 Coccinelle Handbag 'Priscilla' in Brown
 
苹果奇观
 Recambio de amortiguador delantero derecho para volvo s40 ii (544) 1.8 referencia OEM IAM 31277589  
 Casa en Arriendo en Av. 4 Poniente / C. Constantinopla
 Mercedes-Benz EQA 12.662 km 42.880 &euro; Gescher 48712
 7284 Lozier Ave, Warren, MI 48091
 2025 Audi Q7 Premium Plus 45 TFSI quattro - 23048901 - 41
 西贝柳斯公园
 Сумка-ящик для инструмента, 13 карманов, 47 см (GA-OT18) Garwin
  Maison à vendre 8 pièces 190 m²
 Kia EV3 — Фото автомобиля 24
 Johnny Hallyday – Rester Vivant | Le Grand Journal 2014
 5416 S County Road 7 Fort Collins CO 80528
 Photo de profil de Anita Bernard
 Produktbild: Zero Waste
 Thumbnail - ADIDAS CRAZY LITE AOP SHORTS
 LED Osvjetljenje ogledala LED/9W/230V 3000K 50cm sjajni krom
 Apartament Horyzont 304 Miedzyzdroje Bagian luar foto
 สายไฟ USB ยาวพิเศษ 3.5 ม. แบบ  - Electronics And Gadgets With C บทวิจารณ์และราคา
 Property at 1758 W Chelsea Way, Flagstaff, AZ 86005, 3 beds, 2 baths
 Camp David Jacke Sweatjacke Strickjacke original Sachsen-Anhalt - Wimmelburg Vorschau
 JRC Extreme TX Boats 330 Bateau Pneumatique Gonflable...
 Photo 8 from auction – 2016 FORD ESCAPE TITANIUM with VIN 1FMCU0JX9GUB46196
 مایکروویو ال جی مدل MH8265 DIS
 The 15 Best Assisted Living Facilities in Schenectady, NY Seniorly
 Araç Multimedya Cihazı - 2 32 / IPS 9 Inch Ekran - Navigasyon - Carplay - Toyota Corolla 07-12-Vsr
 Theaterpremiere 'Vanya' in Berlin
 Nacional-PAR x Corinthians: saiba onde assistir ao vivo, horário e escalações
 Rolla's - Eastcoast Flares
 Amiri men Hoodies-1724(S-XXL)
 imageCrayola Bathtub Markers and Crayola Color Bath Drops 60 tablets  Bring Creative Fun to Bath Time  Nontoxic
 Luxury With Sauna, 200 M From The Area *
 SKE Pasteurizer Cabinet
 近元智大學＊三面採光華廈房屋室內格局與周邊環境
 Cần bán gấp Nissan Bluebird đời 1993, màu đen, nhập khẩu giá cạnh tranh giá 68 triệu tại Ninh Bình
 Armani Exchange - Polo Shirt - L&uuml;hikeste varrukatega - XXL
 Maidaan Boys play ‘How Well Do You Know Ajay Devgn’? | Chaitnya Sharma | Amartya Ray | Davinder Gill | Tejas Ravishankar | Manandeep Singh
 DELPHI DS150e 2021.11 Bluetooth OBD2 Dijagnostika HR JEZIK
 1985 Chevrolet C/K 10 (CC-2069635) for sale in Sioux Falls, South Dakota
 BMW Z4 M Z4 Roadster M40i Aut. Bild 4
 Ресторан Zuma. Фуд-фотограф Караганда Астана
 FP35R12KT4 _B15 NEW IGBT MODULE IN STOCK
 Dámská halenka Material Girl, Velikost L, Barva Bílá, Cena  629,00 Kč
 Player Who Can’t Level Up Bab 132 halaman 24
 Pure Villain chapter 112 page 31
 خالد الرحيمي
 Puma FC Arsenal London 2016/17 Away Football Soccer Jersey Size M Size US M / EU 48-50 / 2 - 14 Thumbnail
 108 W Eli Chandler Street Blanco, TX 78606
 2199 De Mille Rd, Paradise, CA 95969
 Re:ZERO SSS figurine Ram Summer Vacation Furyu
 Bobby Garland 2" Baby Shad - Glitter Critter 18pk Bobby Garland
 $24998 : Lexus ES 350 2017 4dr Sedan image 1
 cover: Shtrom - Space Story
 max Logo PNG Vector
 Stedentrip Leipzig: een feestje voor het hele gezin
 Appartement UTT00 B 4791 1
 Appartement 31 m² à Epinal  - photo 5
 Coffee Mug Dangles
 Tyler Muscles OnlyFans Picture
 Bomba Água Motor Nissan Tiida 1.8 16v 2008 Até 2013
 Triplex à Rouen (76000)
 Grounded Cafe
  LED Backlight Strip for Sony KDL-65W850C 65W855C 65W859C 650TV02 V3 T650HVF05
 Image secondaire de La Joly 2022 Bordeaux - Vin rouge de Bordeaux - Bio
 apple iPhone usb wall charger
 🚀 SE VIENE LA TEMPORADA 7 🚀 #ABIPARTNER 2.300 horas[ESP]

========================================

Check the data for lines with "Thumbnail" and give only their number.

2